According to the wikipedia page, when given an angular velocity, centrifugal force increases with radius. I always thought the larger the radius, the smaller the centrifugal force. I think I'm misunderstanding some term here (possibly "angular velocity"). Can someone please explain?

 

[jfizzix]

Angular velocity \omega is the rate at which angle changes with respect to time (revolutions per second, degrees per second, radians per second, etc). If this rate is a constant, then the larger your distance to the center r is, the larger the centrifugal force F you will feel.

F = m \;r\;\omega^{2}

However, if you are saying your tangential velocity v = r\;\omega is constant, then the farther out from the center you are, the smaller the centrifugal force you experience, but this also means your angular velocity is smaller too.

F = m \frac{v^{2}}{r}

 

[tiny-tim]

Hi Lsos!

… given an angular velocity, centrifugal force increases with radius.

Yes, if the angular velocity is fixed, the larger the radius, the more force you need to keep something in the circle.

Loosely speaking, changing the velocity from v to -v in the same time is obviously a larger acceleration if v is larger!

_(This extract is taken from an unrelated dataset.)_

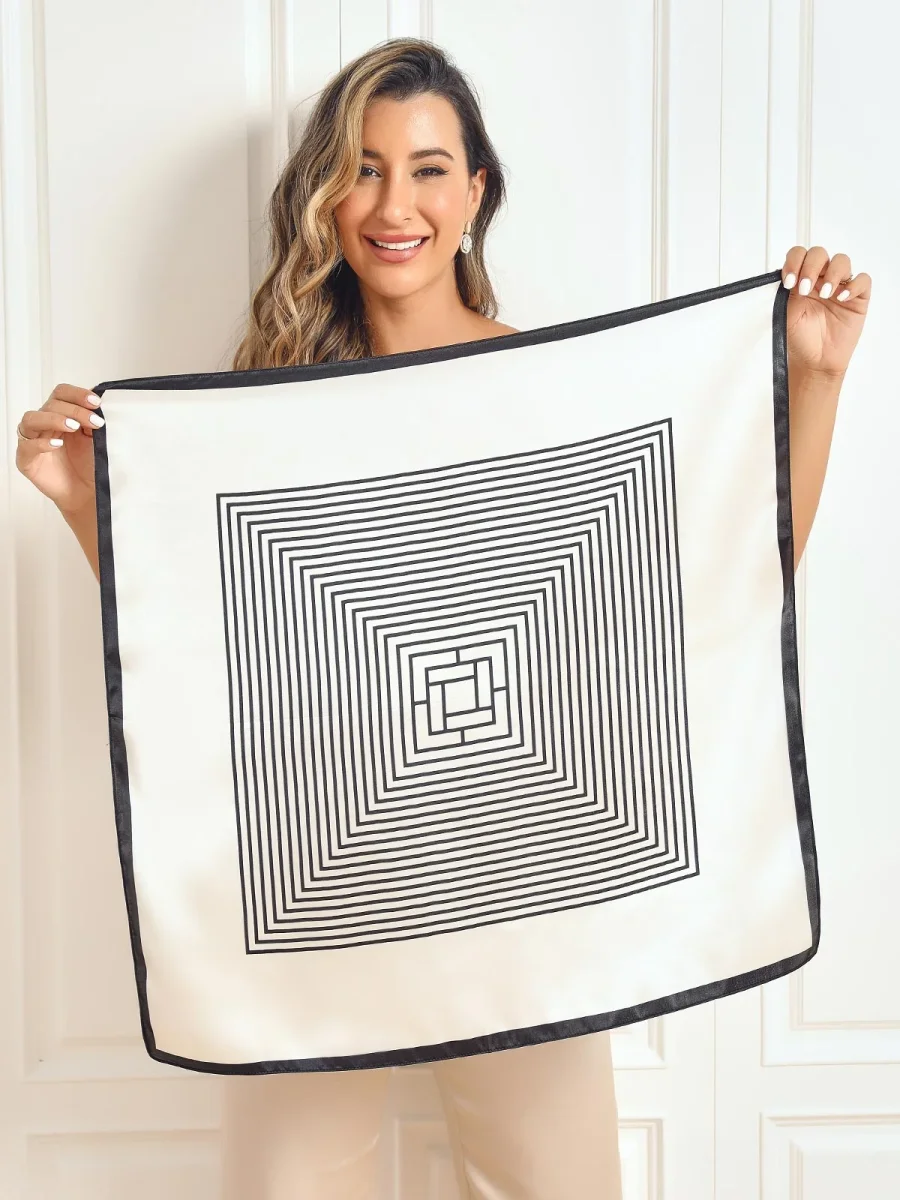 Pañuelo Cuadrado Estampado de Seda Pura 68x68cm - Imagen 7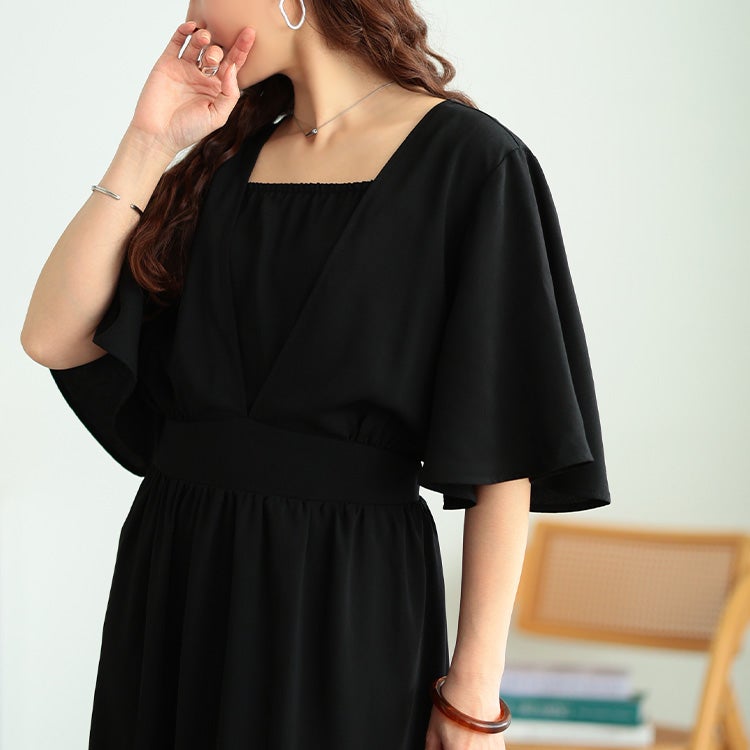 大きいサイズ レディース フレアスリーブカシュクールワンピース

I always thought the larger the radius, the smaller the centrifugal force. I think I'm misunderstanding some term here (possibly "angular velocity"). Can someone please explain?

Angular velocity is angle per second.

It's equal to revolutions per second times 2π.

 

[quarkgazer]

Hi,
The centrifugal force is a fictitious force used in non-inertial reference frames. In general, it is given by $$ F_{\text{centrifugal}} = m\textbf{w} \times (\textbf{w}\times\textbf{r}). $$ Here, $\textbf{w}$ is the angular velocity of the rotating reference frame and $\textbf{r}$ is the position of the particle relative to the rotating frame's origin.

Usually it will simplify to jfizzix' answer (the first equation).

From a more qualitative perspective, imagine a large disc spinning. If you stand near the centre, you move in a small circle but not very fast. As you move out, you move faster and faster and you will find it more difficult to stay on the disc.

:)

PS: I used $\textbf{w}$ because for some reason the TeX code for omega isn't working... :\

 

[Andrew Mason]

PS: I used $\textbf{w}$ because for some reason the TeX code for omega isn't working... :\

I think your use of the bold face text is the problem. Latex assumes what follows is text. You can use vectors like this$$ F_{centrifugal} = m\vec{\omega} \times (\vec{\omega} \times \vec{r}) $$

AM

 

[Lsos]

Ok...yeah. I think I get it. Seems like a very simple concept, but I just need to wrap my aging mind around this. Thanks everyone!